Running for more than four kilometres through Pest, the Nagykörút (‘Grand Boulevard’) is known by all as the körút, the city’s busiest throughfare where trams 4/6 whizz by every two or three minutes. Starting and finishing in Buda, the körút crosses the Danube over Margaret and Petőfi Bridges before cutting through Districts XIII, VI, VII, VIII and IX, delineating the restaurants, bars, hotels, theatres and shops to one side as inside the körút, ie within the city centre, and those beyond as outside. This is the second of three concentric circles radiating out from the city centre, bisected by major arteries that fan out to distant points in Pest. Four of the five main sections of the körút are named after Habsburg royals, who also lend their names to their particular districts: District VI/Teréz körút is Terézváros, and so on.

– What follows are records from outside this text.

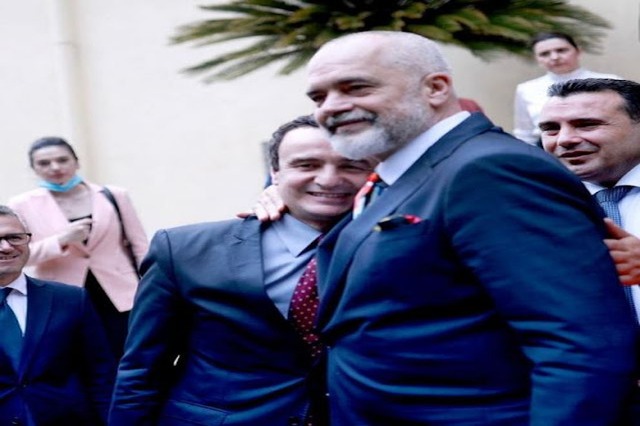 Albin Kurti sends a congratulatory message to Rama on the new government, inviting him to Kosovo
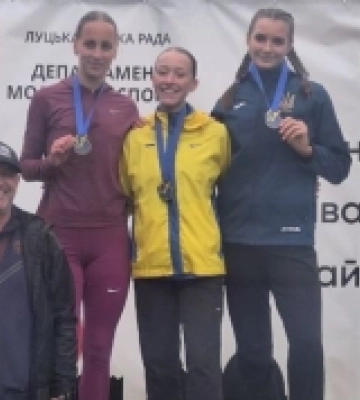 Бар&#039;єристка з Рівненщини здобула золото Чемпіонату України, який відбувся в Луцьку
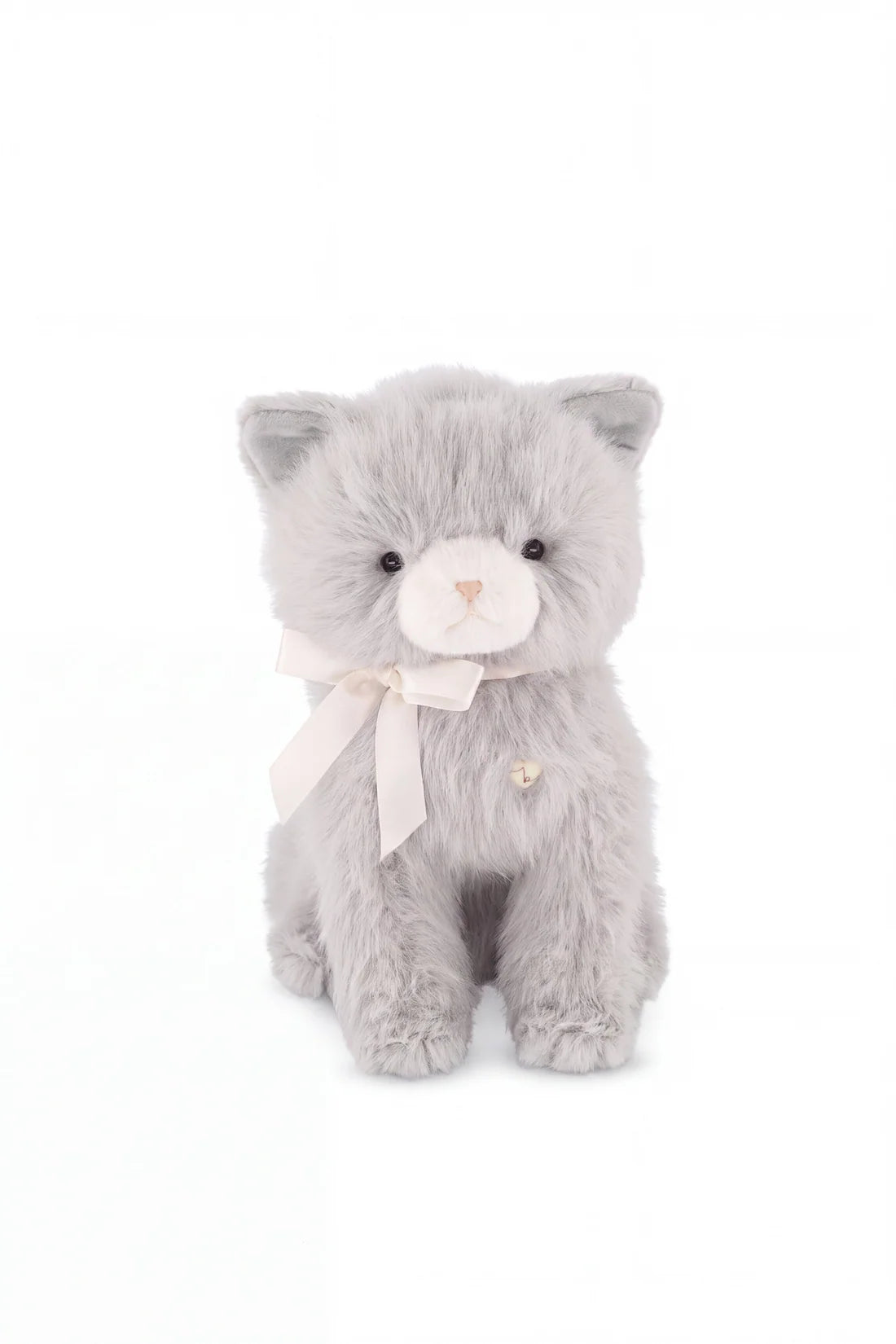 Snuggle Bunnies | Moon the Cat | Soft Grey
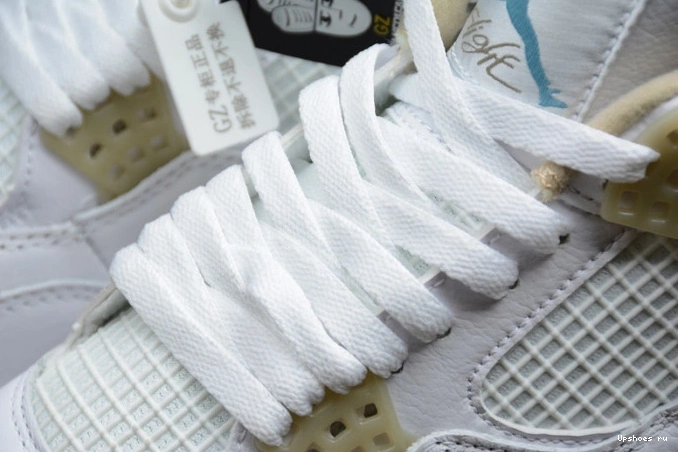 (GS) 487724-118 2017 Sand Retro AIR 4 Jordan 0130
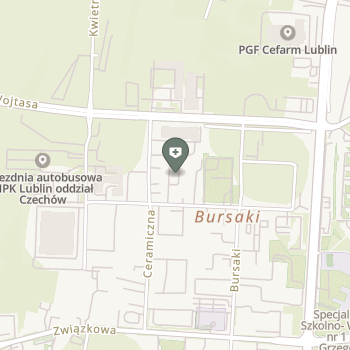 Pz Cormay Oddział w Lublinie na mapie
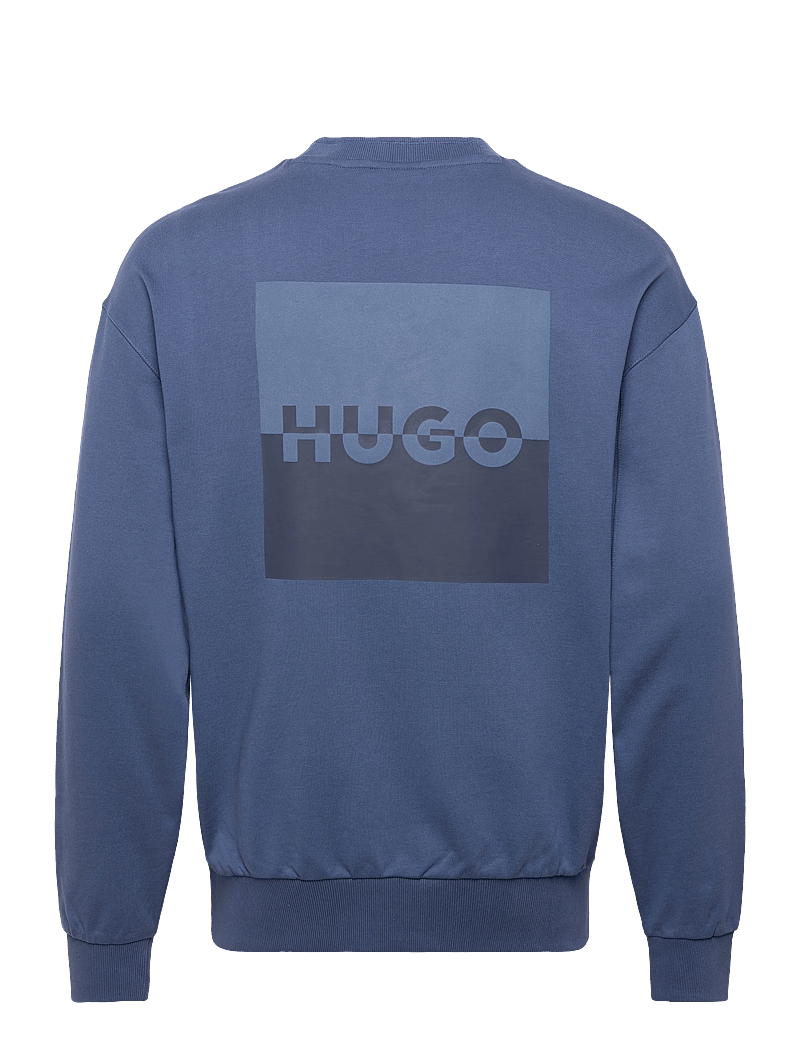 HUGO - Dusplited - sweats - medium blue - 1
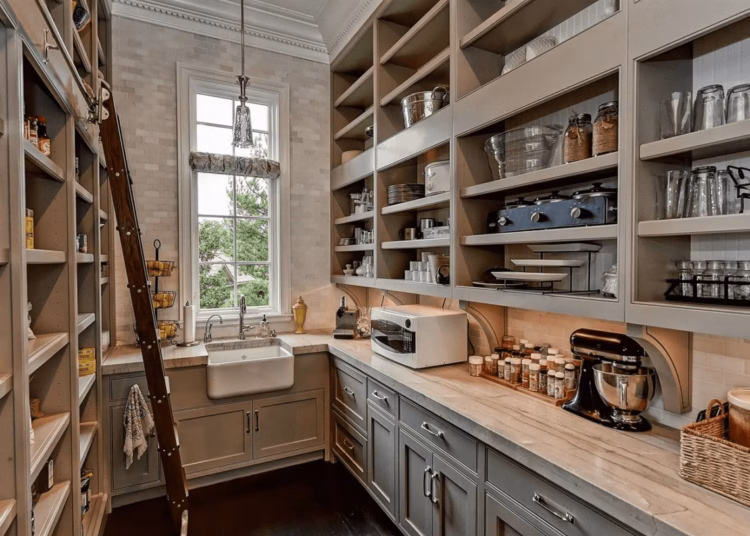 farmhouse style pantry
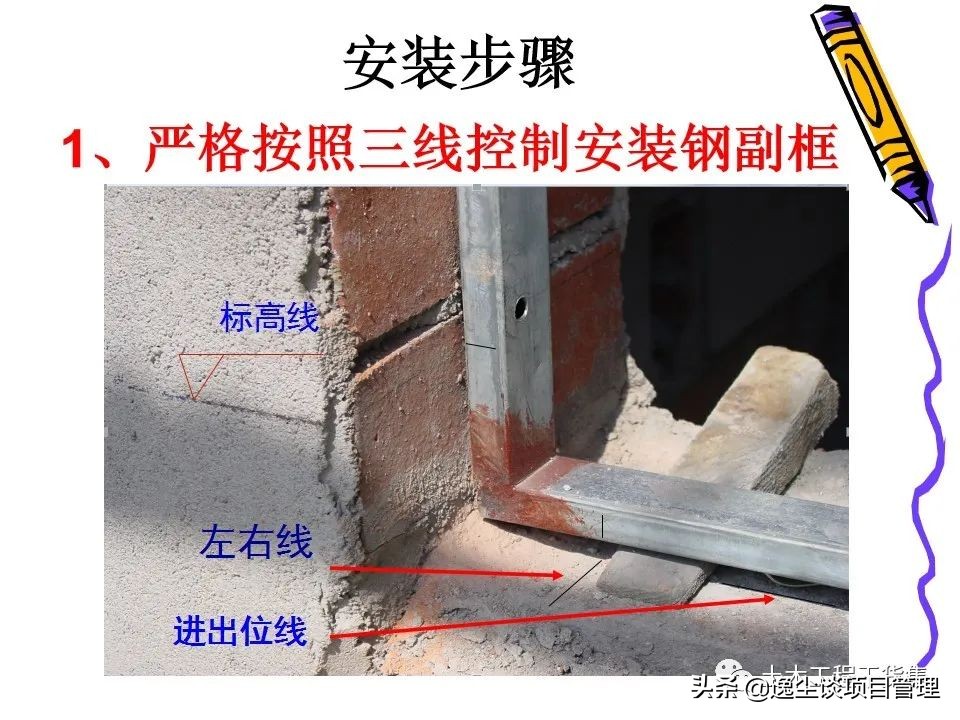 铝合金门窗玻璃安装步骤及技巧,铝合金门窗安装过程图解ppt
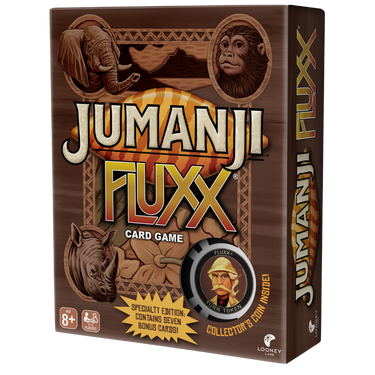 Jumanji Fluxx - Thirsty Meeples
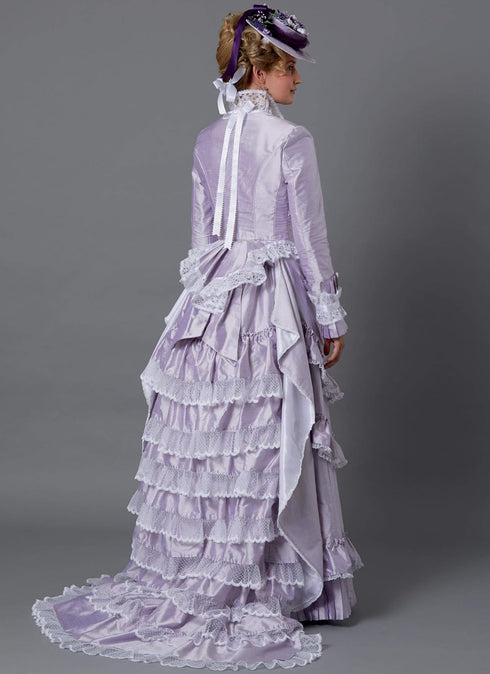 Butterick B6692E5 Women's Historical Jacket and Skirt Costume Sewing Patterns, Sizes 14-22...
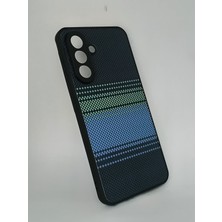 TechnoCase Samsung A36\A56 Uyumlu Karbon Desen Baskılı Silikon Koruyucu Kılıf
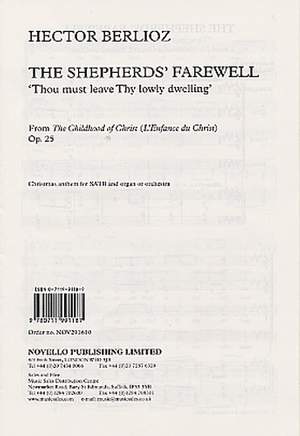 Hector Berlioz: The Shepherds' Farewell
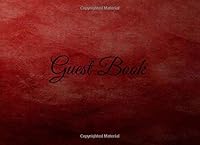 Guest Book: Vacation Home Guest Book - 150 Lined Pages - Paperback - 8.25 x 6 Inches 1725905078 Book Cover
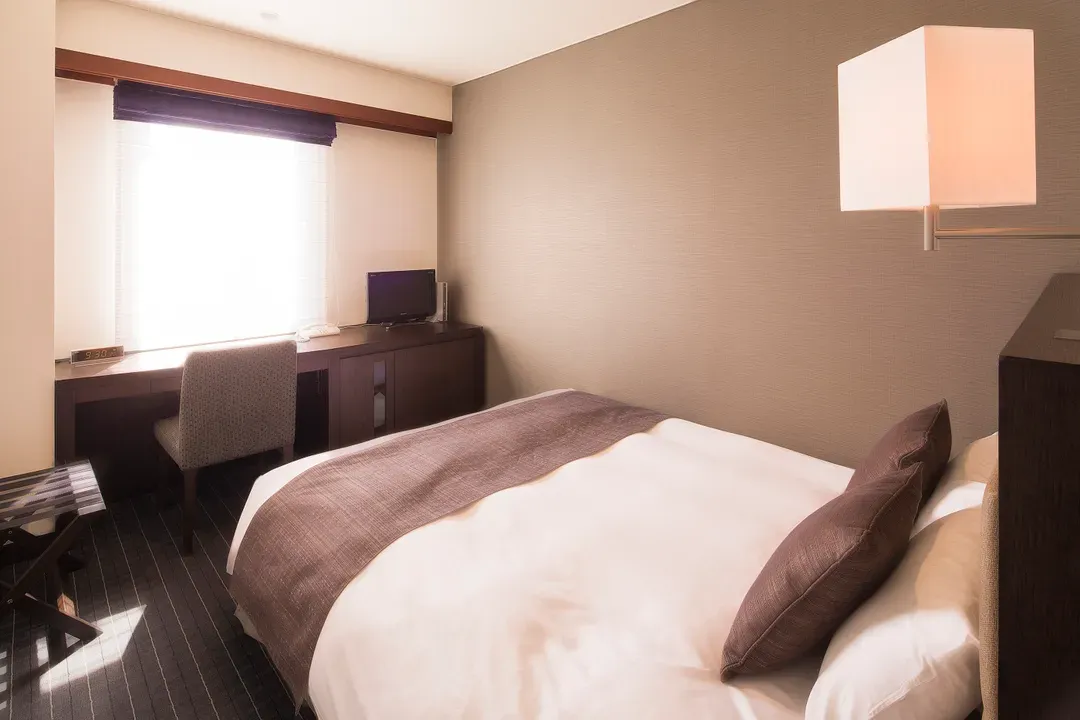 DEN'S HOTEL米泽｜近米泽车站/上衫神社开车4分/酒造资料馆 东光的酒窖徒步19分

Starting at Margaret Bridge, a ride on the 4 or 6 tram will take you past the Vígszínház, Nyugati station and the Művész Art Cinema. Afterwards, you go past Oktogon and a string of late-opening bars on either side of the street all the way to Blaha Lujza tér and beyond. More refined venues include the illustrious New York Café. Tucked inside the körút where Districts VIII and IX meet, the Museum of Applied Arts is a masterpiece of Hungarian Art Nouveau. The junction here, Corvin-negyed, is another major crossing point, with landmarks related to the 1956 Uprising, whose most bitter fighting took place around here.